I love to entertain... and I don't only mean on-stage. I also mean in our home. I can come up with just about any reason to get people together to laugh, listen to music, eat, and drink. I've been the hostess (and drunken vinyl DJ) to many a late-night fondue party, where cheese-spattered tablecloths and paper bags overflowing with empty bottles of cheap wine greet me and my hangover the morning after. These high-calorie, high ABV evenings were what I lived for! Danny Rampage and I have been known to throw any number of extravaganzas ranging from 007-themed black tie affairs and speakeasy nights to fall-inspired food fests. We love to dress up (as you might have gathered if you've ever been to a Hot Pink Hangover concert) and parties are a great excuse to do that! I'm thinking that in 2020 there should be more of this sort of thing...

Evidently after the release of John Water's 1972 film, "Pink Flamingo," folks started placing plastic models of the birds out in their flower beds to indicate that they were intending to host a happy hour later in the evening and there was a high probability of mixed drinks inside. Just a friendly little neighborhood advertisement that fun could be had if you only knocked! I love this. If I'd known this several weeks ago, I would have asked for a plastic set of flamingos for Christmas.  *I've read that pink flamingos in a yard can also designate swinger households, so if you're planning on knocking on that door, just know what you might be getting yourself into.

I also love parties. When my old bandmates and I landed in Prague in the early 2000s, one of the first invitations we received was to attend a birthday party at a late-night Czech drag show. We were jet-lagged but we accepted. Long tables lined the dimly lit space below the stage, and the venue smelled of old sweat and stale Pilsner-Urquell. They didn't sell individual drinks. No, you had to buy booze by the bottle. Soon the drag show started, and queens of all walks of life hit the stage in their outlandish costumes, and enthusiastically crooned songs of their choosing. My friends and I made merriment for several hours while being entertained by the show and feeling invincible after shaking hands with Absinthe. When it came time to pay the bill, somehow we had drunkenly misplaced ours. Now, in The States, this probably wouldn't have been a big deal, but it was evidently an incredible inconvenience for management at this particular establishment. "Why the hell can't they just print us out a new tab?!" I drunkenly shrieked to the burley, Czech-speaking manager... He was scowling at me, shaking his fist, and hollering something menacing in an unrecognizable tongue. Luckily, just when things were nearing possible banishment, I lifted a vodka bottle for one more sip for the road, and there, stuck to the bottom of the bottle was our tab. Those of us not yet passed out feebly paid the bill and left in search of deep-fried cheese.

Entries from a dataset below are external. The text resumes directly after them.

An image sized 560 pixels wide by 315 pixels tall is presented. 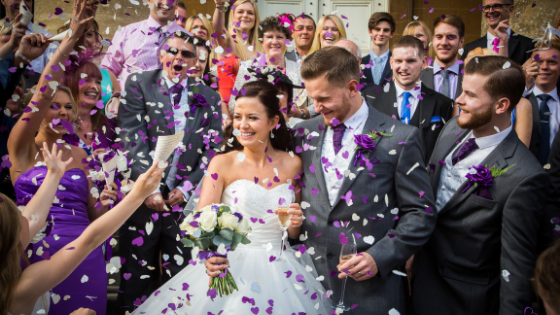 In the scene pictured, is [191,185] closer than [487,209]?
No

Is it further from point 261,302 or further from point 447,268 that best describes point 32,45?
point 447,268

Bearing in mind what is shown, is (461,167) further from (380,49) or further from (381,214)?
(380,49)

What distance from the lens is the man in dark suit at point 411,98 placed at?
3.60m

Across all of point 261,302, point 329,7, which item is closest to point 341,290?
point 261,302

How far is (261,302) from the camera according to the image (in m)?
2.65

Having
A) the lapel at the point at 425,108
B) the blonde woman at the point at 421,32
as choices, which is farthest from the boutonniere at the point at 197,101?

I've toned things down slightly since the story mentioned above, but my goal for 2020 is to have more fun. I know that entertaining folks is a true source of enjoyment for me, so I think I'll organize a masquerade ball or maybe plan a onsie-themed high tea. I'm furiously crafting inventive party ideas and festive new recipes as I write this, and am going to get onto Amazon right now to buy those flamingos.